The stack only matters if it helps achieve those outcomes. That’s why GRASPPY intentionally favors maintainability over architectural theater. I wanted an ai workflow I could fully understand, fully debug, and continuously evolve as a solo founder. Because the truth is, I’m not ready to retire. And free time usually turns into another project somehow. I’d put a CTA here, but my ADD already moved on to the next thing — probably something involving ai memory optimization.

The Stack Behind Grasppy

GRASPPY is intentionally built with a small, pragmatic stack focused on maintainability and fast iteration.

Core Technologies

  • React + Vite
  • Astro
  • PostgreSQL
  • Netlify Functions
  • Express
  • Cloudflare R2
  • Vanilla JavaScript (Chrome Extension)

AI Layer

  • Claude
  • OpenAI
  • OpenRouter

Infrastructure

  • Netlify
  • Cloudflare
  • Hetzner VPS

Development Workflow

  • Claude Code
  • GitHub

No exotic frameworks, no over-engineering, no chasing the new hotness.
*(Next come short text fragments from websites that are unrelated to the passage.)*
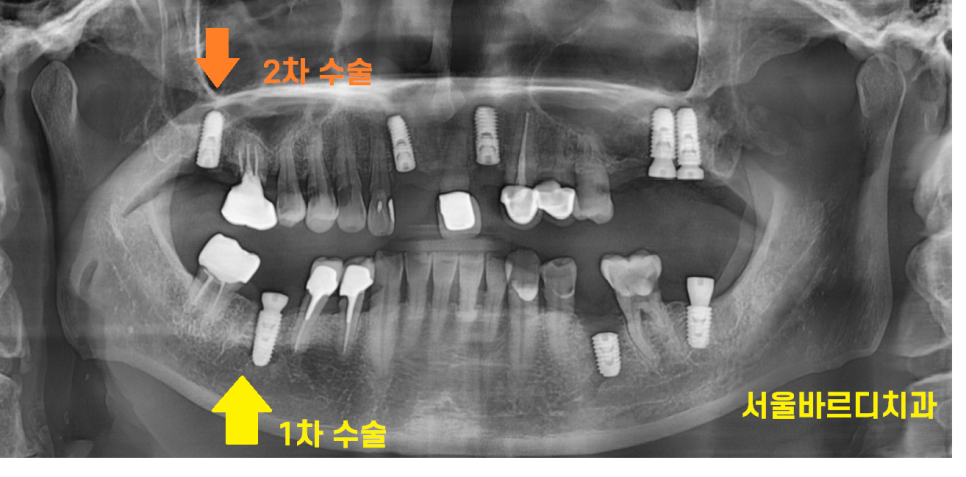 임플란트 2차 수술 과정 아직도 안끝났어요? 죄송합니다!! 관련 이미지 3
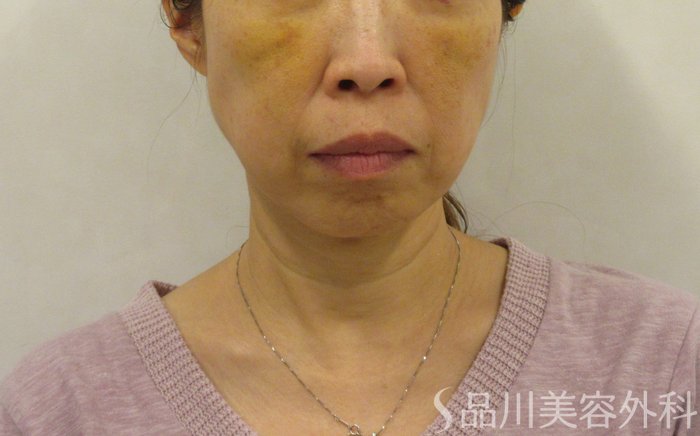 症例NO.72525のBEFORE写真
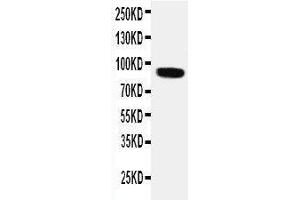 Western Blotting (WB) image for anti-Transient Receptor Potential Cation Channel, Subfamily V, Member 2 (TRPV2) (AA 42-624), (N-Term) antibody (ABIN3044039)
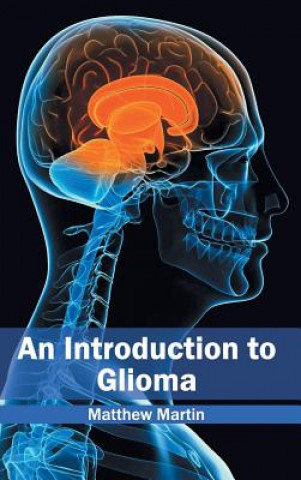 Kniha Introduction to Glioma Matthew Martin
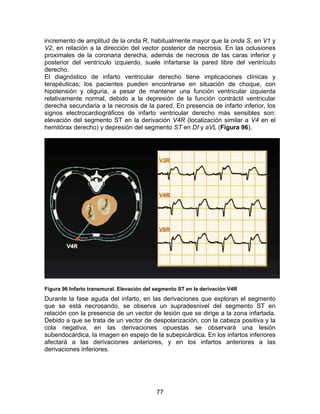 incremento de amplitud de la onda R, habitualmente mayor que la onda S, en V1 y
V2, en relación a la dirección del vector posterior de necrosis. En las oclusiones
proximales de la coronaria derecha, además de necrosis de las caras inferior y
posterior del ventrículo izquierdo, suele infartarse la pared libre del ventrículo
derecho.
El diagnóstico de infarto ventricular derecho tiene implicaciones clínicas y
terapéuticas; los pacientes pueden encontrarse en situación de choque, con
hipotensión y oliguria, a pesar de mantener una función ventricular izquierda
relativamente normal, debido a la depresión de la función contráctil ventricular
derecha secundaria a la necrosis de la pared. En presencia de infarto inferior, los
signos electrocardiográficos de infarto ventricular derecho más sensibles son:
elevación del segmento ST en la derivación V4R (localización similar a V4 en el
hemitórax derecho) y depresión del segmento ST en DI y aVL (Figura 96).




Figura 96 Infarto transmural. Elevación del segmento ST en la derivación V4R
Durante la fase aguda del infarto, en las derivaciones que exploran el segmento
que se está necrosando, se observa un supradesnivel del segmento ST en
relación con la presencia de un vector de lesión que se dirige a la zona infartada.
Debido a que se trata de un vector de despolarización, con la cabeza positiva y la
cola negativa, en las derivaciones opuestas se observará una lesión
subendocárdica, la imagen en espejo de la subepicárdica. En los infartos inferiores
afectará a las derivaciones anteriores, y en los infartos anteriores a las
derivaciones inferiores.




                                            77
 
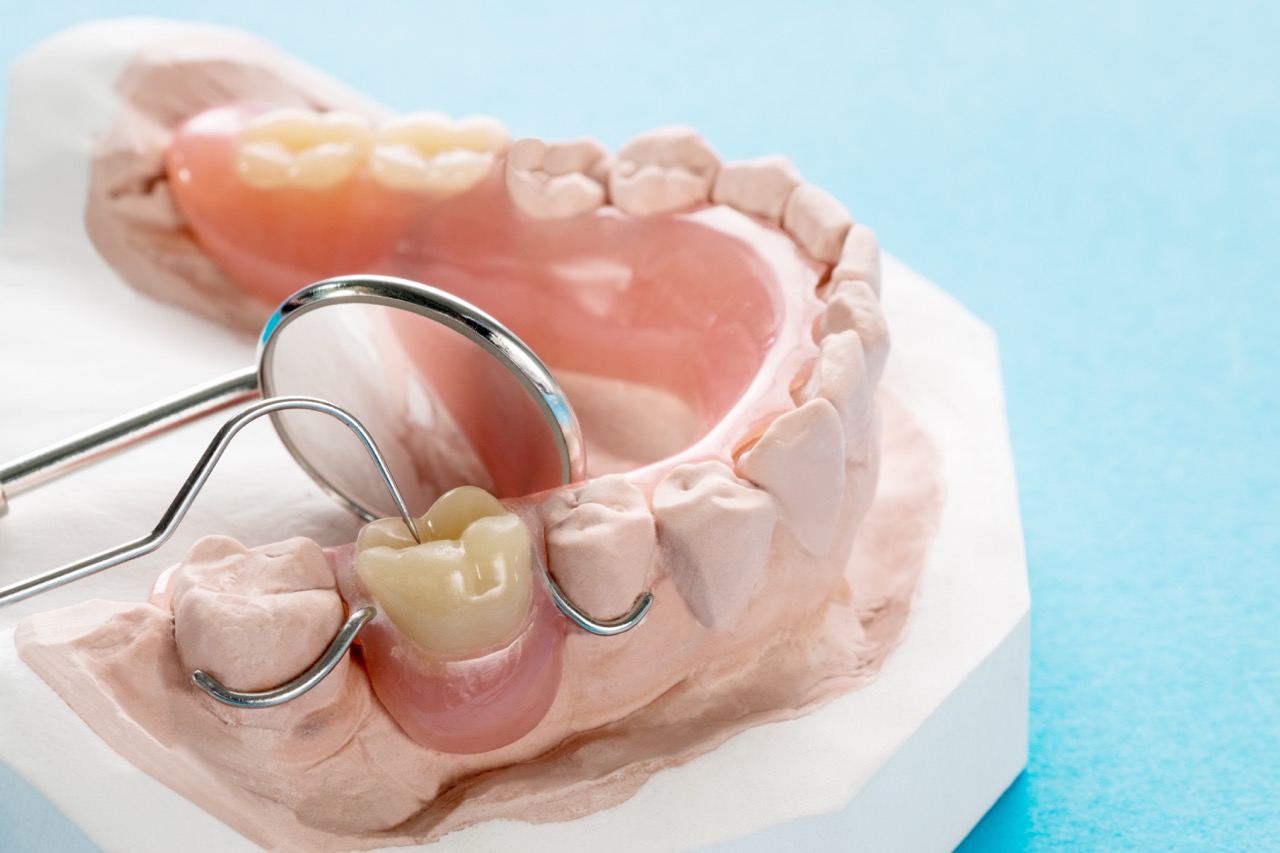 Jasper Partial Dentures | Jasper Dentist | Kiefer Family Dental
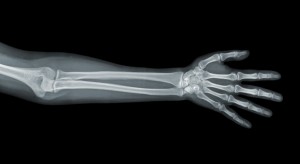 arm x-ray bones calcium vitamin D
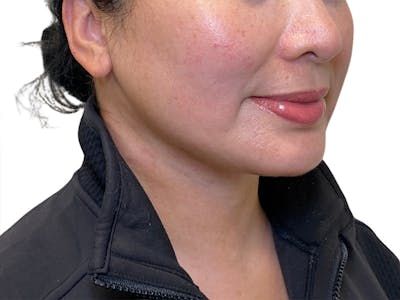 Neck Lift Before & After Gallery - Patient 213077 - Image 2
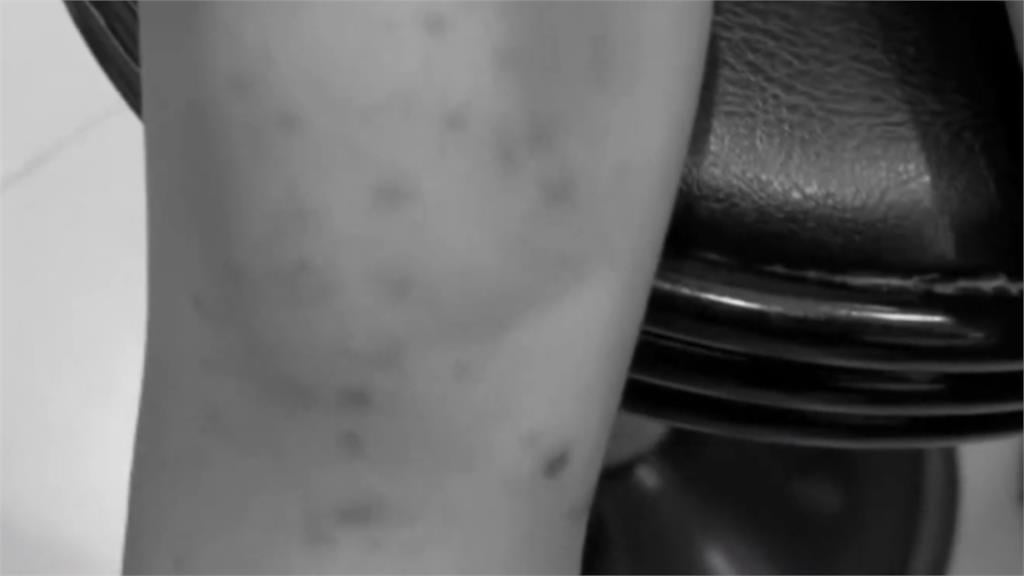 高雄小學驚傳「腸病毒群聚」15童染疫！「醫護夫妻」隱瞞兒女病情挨罰12萬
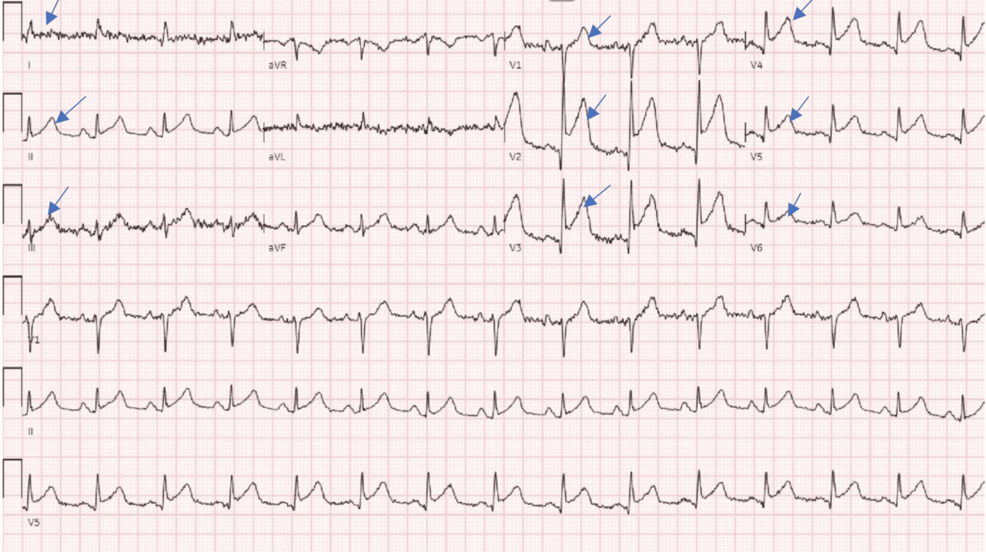 Myocardial Bridging, Ischemia & Takotsubo: A Rare Case Study - News Directory 3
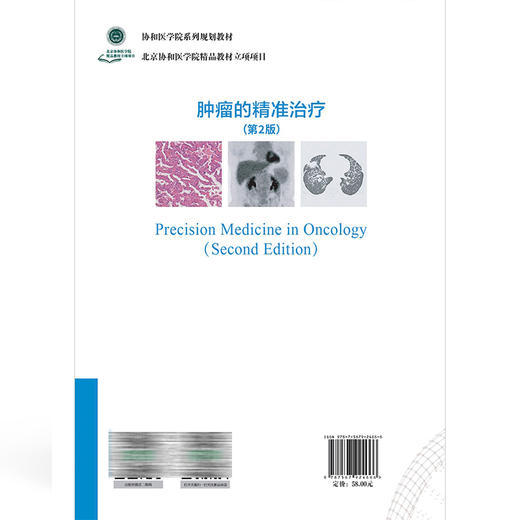 肿瘤的精准治疗 第2二版 王颖轶 肿瘤的精准预防 临床研究和方法设计 肿瘤分期与疗效评价 9787567924666中国协和医科大学出版社 商品图2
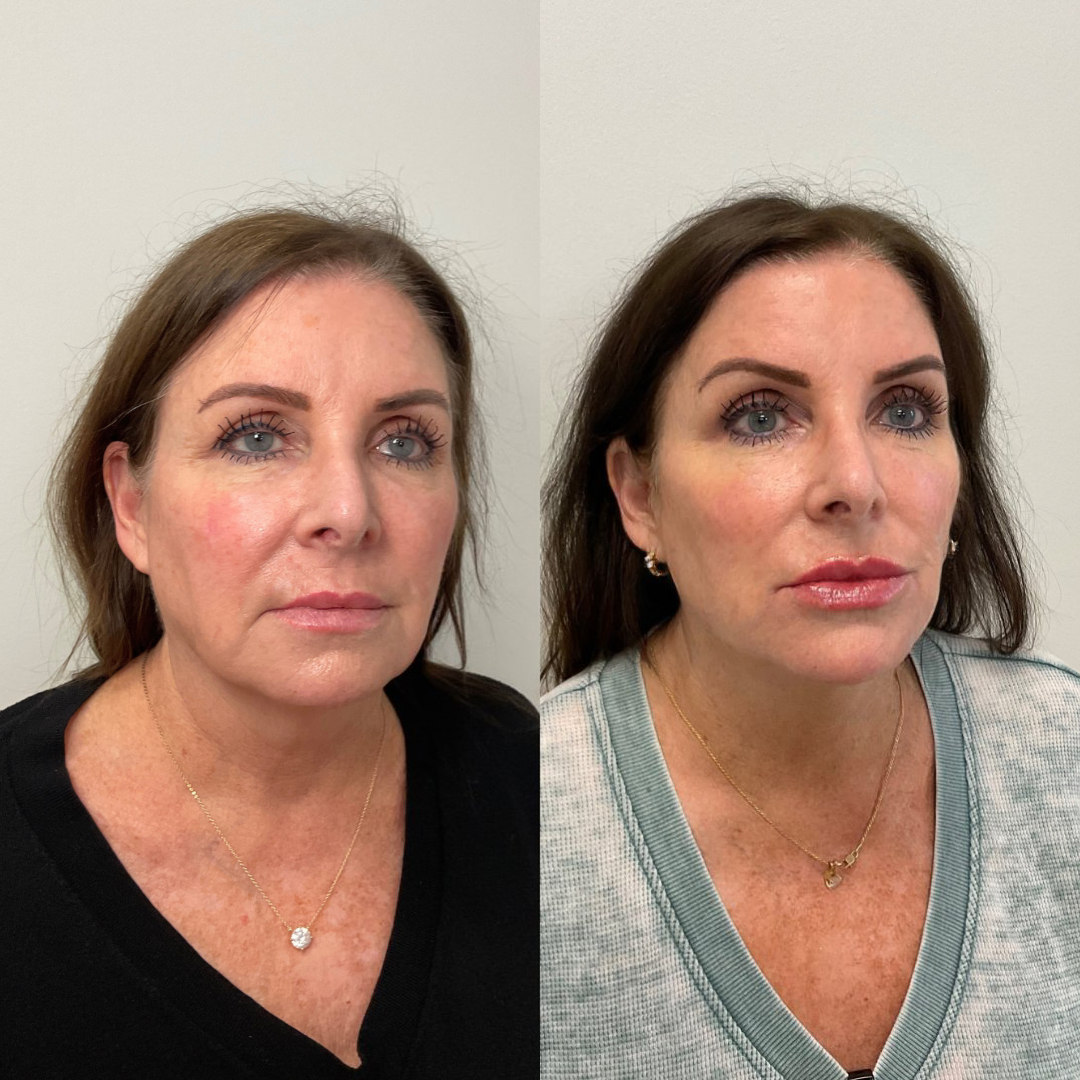 Before and after — full face results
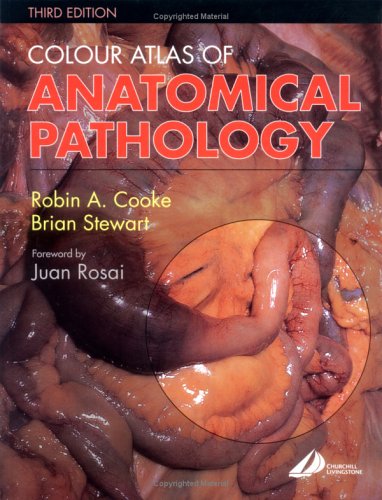 Colour Atlas of Anatomical Pathology  3rd 2004 (Revised) 9780443073601 Front Cover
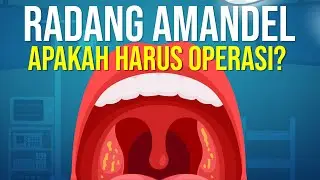 Tonsillitis: Does Surgery Require?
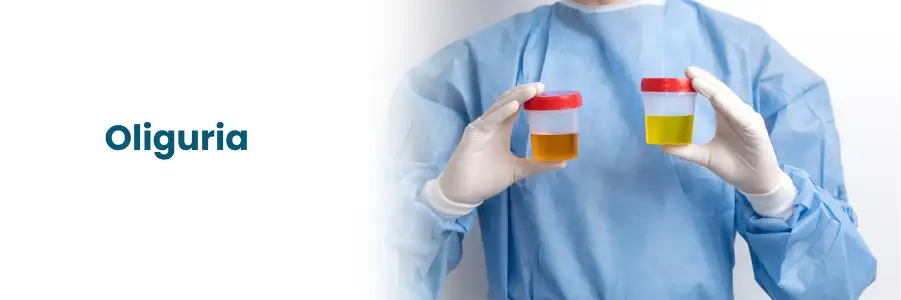 erros comuns no diagnóstico de oligúria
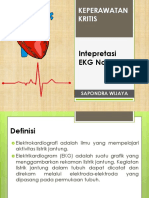 Intepretasi EKG Normal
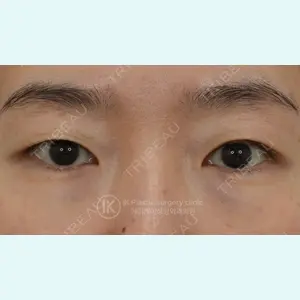症例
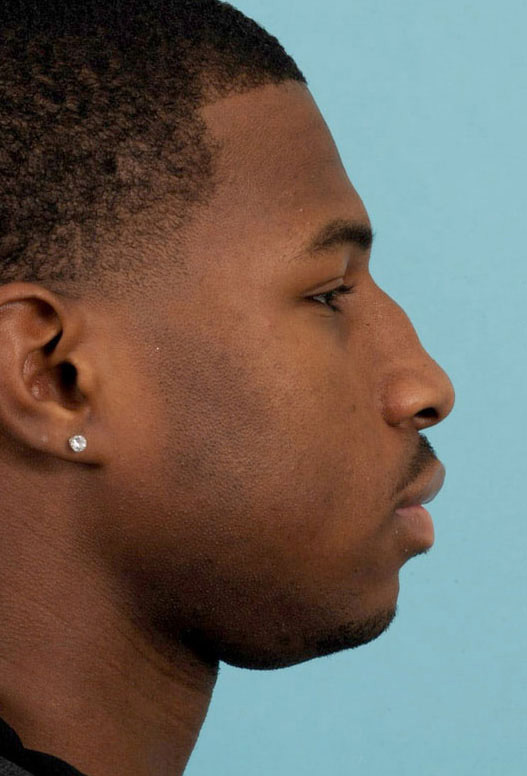 Rhinoplasty Before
The goal was never to build “startup architecture.” The goal was to build a system that preserves AI conversations, reduces workflow friction, and stays understandable enough for one person to continuously evolve over time.

Ironically, the process of building GRASPPY became the reason GRASPPY exists in the first place. The conversations themselves became the work. And once that happened, preserving continuity mattered more than everything else.